═══ Records to use ═══
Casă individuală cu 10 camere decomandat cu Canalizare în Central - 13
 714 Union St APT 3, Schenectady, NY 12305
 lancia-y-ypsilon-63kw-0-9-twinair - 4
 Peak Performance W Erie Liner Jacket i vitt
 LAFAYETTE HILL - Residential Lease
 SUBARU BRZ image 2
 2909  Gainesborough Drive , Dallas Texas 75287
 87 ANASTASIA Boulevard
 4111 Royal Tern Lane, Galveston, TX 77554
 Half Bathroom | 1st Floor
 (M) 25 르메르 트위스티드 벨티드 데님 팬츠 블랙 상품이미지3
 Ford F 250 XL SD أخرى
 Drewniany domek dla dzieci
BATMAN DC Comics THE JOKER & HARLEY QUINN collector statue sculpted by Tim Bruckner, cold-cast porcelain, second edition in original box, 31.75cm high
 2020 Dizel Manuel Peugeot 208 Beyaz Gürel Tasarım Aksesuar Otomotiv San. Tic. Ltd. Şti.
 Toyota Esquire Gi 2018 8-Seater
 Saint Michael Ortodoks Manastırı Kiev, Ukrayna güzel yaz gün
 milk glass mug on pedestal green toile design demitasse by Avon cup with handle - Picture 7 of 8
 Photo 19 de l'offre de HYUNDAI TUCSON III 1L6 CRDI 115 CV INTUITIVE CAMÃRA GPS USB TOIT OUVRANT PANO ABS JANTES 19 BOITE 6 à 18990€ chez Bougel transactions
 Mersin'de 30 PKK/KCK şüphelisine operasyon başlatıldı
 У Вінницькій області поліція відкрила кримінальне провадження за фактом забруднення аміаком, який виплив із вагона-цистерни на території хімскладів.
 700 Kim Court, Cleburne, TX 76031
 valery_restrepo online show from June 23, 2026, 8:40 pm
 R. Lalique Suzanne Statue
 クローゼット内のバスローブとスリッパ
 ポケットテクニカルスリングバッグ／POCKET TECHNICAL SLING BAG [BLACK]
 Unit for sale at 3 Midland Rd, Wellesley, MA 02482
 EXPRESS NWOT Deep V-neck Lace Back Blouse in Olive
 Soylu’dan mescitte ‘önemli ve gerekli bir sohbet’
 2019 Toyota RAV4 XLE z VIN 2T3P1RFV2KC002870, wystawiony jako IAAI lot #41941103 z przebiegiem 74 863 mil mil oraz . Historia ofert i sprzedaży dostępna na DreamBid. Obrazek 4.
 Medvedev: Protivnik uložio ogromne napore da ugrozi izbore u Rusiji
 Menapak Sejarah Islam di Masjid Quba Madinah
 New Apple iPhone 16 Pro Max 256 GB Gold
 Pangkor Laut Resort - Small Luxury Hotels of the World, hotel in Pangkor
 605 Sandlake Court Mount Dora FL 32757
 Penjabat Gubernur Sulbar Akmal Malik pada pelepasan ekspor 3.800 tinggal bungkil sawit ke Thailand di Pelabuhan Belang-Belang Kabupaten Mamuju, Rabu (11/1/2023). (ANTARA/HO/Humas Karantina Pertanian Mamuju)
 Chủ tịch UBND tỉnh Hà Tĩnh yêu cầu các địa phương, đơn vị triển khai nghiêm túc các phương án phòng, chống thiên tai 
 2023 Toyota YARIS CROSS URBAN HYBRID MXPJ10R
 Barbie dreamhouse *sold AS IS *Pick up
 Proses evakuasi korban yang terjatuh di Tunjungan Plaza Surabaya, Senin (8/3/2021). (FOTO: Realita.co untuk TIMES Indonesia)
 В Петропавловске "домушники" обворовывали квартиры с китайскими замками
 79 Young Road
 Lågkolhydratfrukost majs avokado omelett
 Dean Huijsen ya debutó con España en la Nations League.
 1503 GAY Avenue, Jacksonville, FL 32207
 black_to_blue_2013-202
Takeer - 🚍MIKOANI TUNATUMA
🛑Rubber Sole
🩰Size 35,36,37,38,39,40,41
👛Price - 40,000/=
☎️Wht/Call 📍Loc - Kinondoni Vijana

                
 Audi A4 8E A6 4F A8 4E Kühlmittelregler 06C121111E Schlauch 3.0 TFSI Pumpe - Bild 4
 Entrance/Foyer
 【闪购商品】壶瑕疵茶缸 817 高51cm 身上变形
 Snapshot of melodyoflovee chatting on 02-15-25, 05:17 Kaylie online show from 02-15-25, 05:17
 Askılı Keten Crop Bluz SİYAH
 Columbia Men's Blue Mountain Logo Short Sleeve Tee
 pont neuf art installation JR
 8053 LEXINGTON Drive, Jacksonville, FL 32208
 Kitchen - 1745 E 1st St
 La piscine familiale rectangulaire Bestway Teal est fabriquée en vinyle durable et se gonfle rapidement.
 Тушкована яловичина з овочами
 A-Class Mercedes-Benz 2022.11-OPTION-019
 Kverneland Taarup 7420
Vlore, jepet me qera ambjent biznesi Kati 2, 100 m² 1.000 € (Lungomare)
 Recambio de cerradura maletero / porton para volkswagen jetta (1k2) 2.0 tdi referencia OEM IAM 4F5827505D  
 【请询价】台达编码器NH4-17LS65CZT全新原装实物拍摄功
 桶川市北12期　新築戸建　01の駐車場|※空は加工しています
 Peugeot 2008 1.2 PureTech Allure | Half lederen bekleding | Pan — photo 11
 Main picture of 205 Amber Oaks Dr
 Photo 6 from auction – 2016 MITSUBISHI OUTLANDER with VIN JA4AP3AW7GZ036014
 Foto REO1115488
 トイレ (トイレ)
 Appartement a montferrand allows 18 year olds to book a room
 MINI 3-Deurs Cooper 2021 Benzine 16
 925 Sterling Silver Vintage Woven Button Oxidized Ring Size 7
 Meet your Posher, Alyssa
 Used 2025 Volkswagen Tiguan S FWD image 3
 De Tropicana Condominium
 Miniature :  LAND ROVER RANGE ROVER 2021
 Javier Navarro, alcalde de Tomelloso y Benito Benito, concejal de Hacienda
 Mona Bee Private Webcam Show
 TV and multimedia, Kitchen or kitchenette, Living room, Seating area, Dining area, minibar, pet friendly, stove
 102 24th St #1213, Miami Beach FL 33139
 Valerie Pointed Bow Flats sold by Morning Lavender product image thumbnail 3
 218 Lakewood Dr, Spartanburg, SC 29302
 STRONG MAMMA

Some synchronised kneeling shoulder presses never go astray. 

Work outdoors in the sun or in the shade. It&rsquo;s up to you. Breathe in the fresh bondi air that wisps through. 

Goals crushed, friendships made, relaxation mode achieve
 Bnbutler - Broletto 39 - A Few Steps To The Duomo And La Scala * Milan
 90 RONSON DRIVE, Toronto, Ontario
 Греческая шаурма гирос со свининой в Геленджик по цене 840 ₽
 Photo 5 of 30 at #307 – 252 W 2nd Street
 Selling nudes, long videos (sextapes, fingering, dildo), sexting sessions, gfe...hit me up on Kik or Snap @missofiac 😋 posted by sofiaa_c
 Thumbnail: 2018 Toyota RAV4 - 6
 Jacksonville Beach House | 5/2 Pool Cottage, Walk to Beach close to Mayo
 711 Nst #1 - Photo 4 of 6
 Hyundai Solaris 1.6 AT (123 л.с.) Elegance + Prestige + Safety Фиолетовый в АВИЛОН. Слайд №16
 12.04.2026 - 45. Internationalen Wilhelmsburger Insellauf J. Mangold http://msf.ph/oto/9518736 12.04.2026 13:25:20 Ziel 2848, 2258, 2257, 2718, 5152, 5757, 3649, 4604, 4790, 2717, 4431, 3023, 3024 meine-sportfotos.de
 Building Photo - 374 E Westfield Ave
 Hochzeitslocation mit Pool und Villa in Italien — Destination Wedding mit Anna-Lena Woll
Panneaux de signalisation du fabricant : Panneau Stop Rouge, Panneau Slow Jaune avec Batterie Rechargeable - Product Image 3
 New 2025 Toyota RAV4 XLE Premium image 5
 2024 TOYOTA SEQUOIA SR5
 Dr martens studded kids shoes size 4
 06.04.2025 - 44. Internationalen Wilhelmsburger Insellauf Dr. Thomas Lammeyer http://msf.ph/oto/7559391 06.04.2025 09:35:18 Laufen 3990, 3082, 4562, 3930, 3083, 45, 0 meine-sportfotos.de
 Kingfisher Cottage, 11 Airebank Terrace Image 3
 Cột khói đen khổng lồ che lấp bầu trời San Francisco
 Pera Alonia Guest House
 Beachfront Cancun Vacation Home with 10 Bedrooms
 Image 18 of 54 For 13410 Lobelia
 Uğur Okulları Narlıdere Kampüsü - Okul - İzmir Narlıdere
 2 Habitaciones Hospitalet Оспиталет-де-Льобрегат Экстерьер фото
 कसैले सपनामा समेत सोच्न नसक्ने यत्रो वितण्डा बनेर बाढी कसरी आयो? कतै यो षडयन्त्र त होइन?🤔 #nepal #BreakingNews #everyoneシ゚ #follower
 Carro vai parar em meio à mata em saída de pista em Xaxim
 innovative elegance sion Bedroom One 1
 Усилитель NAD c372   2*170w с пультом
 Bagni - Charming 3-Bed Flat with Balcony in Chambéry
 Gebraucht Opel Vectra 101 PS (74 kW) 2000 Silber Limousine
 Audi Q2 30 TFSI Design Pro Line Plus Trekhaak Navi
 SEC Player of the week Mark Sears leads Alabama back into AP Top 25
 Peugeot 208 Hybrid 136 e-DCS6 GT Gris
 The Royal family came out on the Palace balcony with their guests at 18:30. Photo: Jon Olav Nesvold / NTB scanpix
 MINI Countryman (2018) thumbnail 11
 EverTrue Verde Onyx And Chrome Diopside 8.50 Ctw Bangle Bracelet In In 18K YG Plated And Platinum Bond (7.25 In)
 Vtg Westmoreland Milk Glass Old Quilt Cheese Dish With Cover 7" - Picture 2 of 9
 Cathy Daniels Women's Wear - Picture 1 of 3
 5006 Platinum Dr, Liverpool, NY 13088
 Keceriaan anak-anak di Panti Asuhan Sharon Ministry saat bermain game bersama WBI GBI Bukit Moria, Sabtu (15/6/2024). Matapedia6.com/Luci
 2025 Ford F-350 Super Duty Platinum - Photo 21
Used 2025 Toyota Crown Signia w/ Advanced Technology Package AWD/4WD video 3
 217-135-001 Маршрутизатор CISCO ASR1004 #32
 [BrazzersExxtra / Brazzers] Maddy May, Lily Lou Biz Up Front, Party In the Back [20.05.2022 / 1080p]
═══
- [Work to be completed] Only the lines above starting at the line that holds "कसैले सपनामा समेत" and ending at the line that holds "2025 Ford F-350" are to be repeated, exactly and in full.

- [Expected answer]
 कसैले सपनामा समेत सोच्न नसक्ने यत्रो वितण्डा बनेर बाढी कसरी आयो? कतै यो षडयन्त्र त होइन?🤔 #nepal #BreakingNews #everyoneシ゚ #follower
 Carro vai parar em meio à mata em saída de pista em Xaxim
 innovative elegance sion Bedroom One 1
 Усилитель NAD c372   2*170w с пультом
 Bagni - Charming 3-Bed Flat with Balcony in Chambéry
 Gebraucht Opel Vectra 101 PS (74 kW) 2000 Silber Limousine
 Audi Q2 30 TFSI Design Pro Line Plus Trekhaak Navi
 SEC Player of the week Mark Sears leads Alabama back into AP Top 25
 Peugeot 208 Hybrid 136 e-DCS6 GT Gris
 The Royal family came out on the Palace balcony with their guests at 18:30. Photo: Jon Olav Nesvold / NTB scanpix
 MINI Countryman (2018) thumbnail 11
 EverTrue Verde Onyx And Chrome Diopside 8.50 Ctw Bangle Bracelet In In 18K YG Plated And Platinum Bond (7.25 In)
 Vtg Westmoreland Milk Glass Old Quilt Cheese Dish With Cover 7" - Picture 2 of 9
 Cathy Daniels Women's Wear - Picture 1 of 3
 5006 Platinum Dr, Liverpool, NY 13088
 Keceriaan anak-anak di Panti Asuhan Sharon Ministry saat bermain game bersama WBI GBI Bukit Moria, Sabtu (15/6/2024). Matapedia6.com/Luci
 2025 Ford F-350 Super Duty Platinum - Photo 21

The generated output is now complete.